House-church goers and hipster Christians often claim that the ancient buildings represent the worst parts of the faith: staleness, arrogance and a dualistic lack of concern for the world.
In such circles, it’s generally assumed that stained glass windows and wooden pews are more-or-less destined for destruction. After all, Christ himself said that “not one stone here will be left on another” when his disciples were openly admiring the temple (Matthew 24:2).
I don’t necessarily disagree with the charges that post-modernists (also know as the “emerging church”) bring to the table. For a couple of years, I was that hipster demanding that cathedrals be dismantled and its materials sold to raise money for the poor. Pubs and basements quickly became my utopian venue for a church. In those situations, the division between the sacred and secular was nullified.
And then I attended an actual service in a cathedral.
I’m not exactly sure why I finally decided to check out Knox United Church. Part of it, I suspect, was due to the denomination’s inclusion of the LGBTQ community, its focus on inner-city justice and openness to hosting music events such as Sled Island. Another influence was that my home church just moved into a building in a north-east industrial park, which makes it tough for me as a transit rider to justify attending.

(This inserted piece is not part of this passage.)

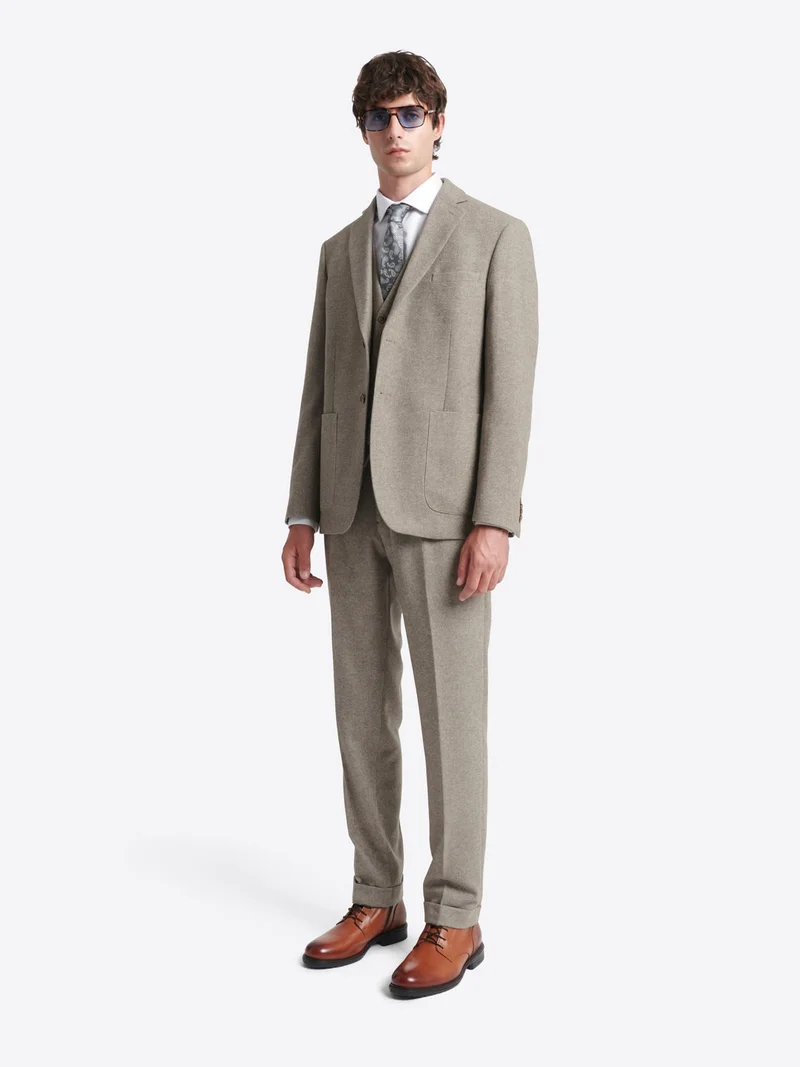 Veste de costume regular en laine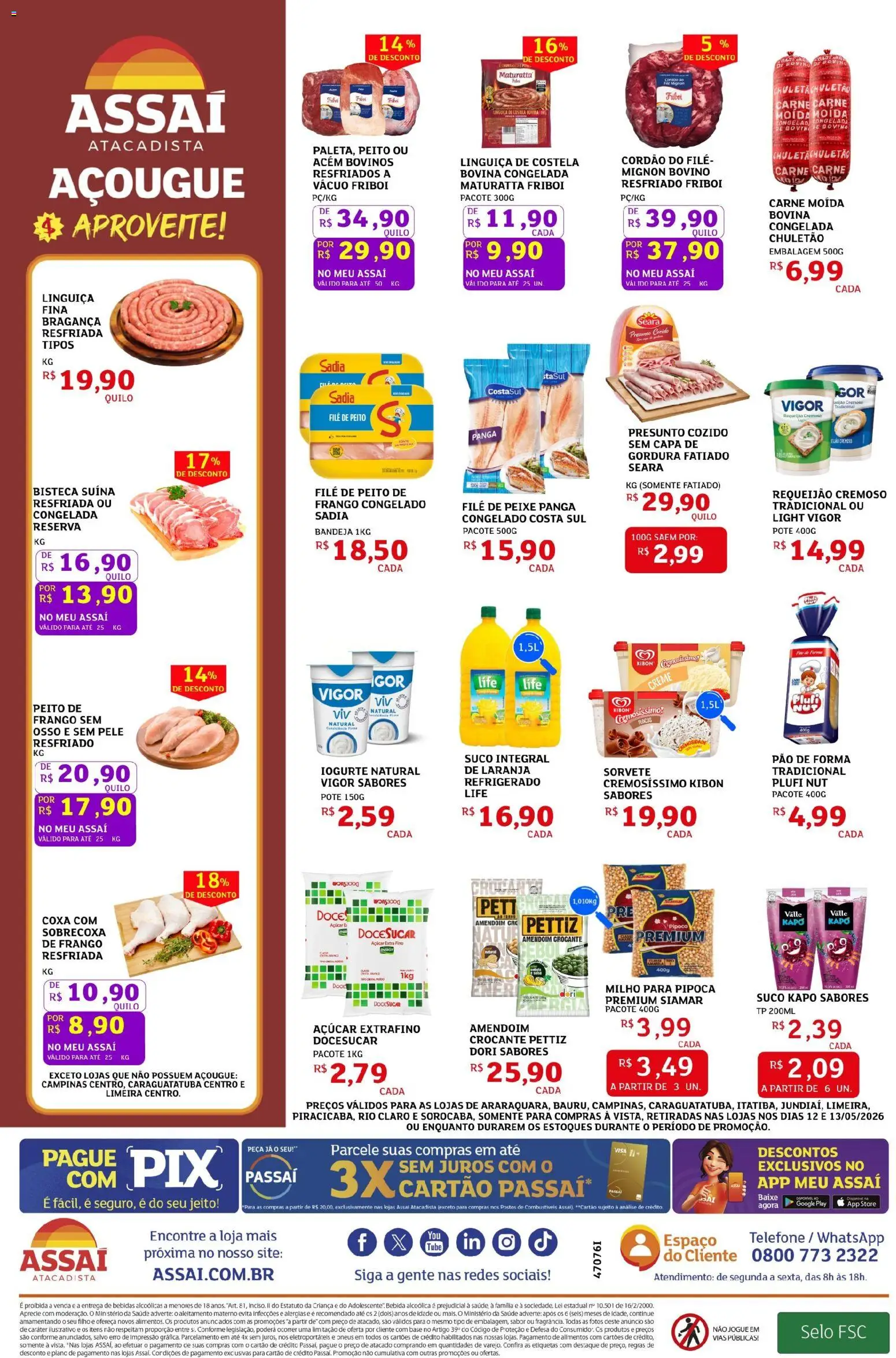 Assaí Atacadista Folheto - válido de 12.05.2026 | Página: 2 | Produtos: Suco, Pneus, Base, Telefone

Regardless, the experience was wonderful. As the congregation sung hymns, shared communion and prayed together, I couldn’t help but glance around the massive cathedral and wonder if I’d been wrong the whole way along my Christian journey. After attending another service at the church, I’m confident that my understanding of the cathedral’s purpose – and dare I say usefulness – has certainly changed.
James Howard Kunstler – an American urban critic – authored a book called Home From Nowhere in the late ‘90s in which he discussed the concept of “chronological connectivity.” Essentially, he argued that the suburban model of urban design that had been followed for the past 50 years had deprived users of any connection to past generations. But before 1945, architects and planners prided themselves on constructing buildings and cities that would last and further the identity of the city.
This may not seem relevant to cathedrals and Christianity, but bear with me. In his book, Kunstler proceeded to contend that a lack of chronological connectivity in our society is not only depressing, but also damaging to our souls. He wrote that pursuing chronological connectivity “puts us in touch with the ages and with the eternities, suggesting that we are part of a larger and more significant organism.” Ultimately, he was saying that we should build to last because it reminds us that others have gone before us.
Being reminded of this argument is hugely helpful to my own spirituality. Often times, as mentioned in my first column for The Reflector, I become convinced that my reliance on religion is evidence that I’m going insane. But when I enter a cathedral like Knox United, I realize that I’m not on this journey alone. I am connected to the thousands of people that have walked before me since 1912 (when Knox was built), and have wrestled with the same things I have.
I’m sure that the emerging church has found some argument to cripple my own. But for now, I’m satisfied with the knowledge that the physical construct of the cathedral keeps me accountable to reality and humble in light of history.